Following these trends and to develop the study of dynamic inequalities of Hardy-type of the differential forms on time scales, we prove the time scales version of the higher-order derivative inequality (1.8) on an arbitrary time scale \(\mathbb{T}\).

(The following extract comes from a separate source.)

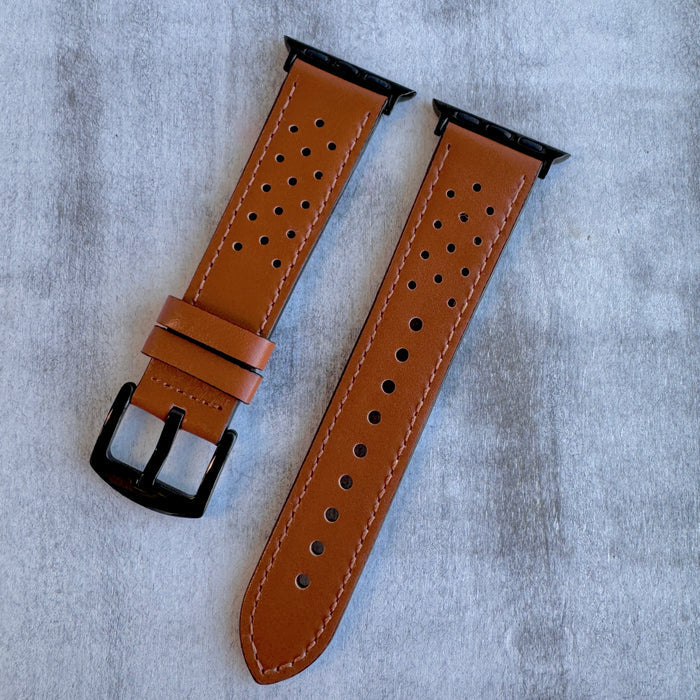 Prestige Leather Band For Apple Watch Multiple Colors Available — These leather bands are crafted with genuine leather and detailed stitching, adding a refined touch to any Apple Watch.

The rest of the paper is organized as follows: In Sect. 2, we present some preliminaries about the theory of time scales and the time scales version of Fubini’s theorem which is the cornerstone of our main proof. Also, we prove some essential prerequisite lemmas. In Sect. 3, we prove the main result of this paper (Theorem 3.1) which is a generalization of the weighted Hardy-type inequality with two different weights for a function which possesses higher-order derivatives. Next, we give some applications to our main results to capture some known results and to derive some new ones.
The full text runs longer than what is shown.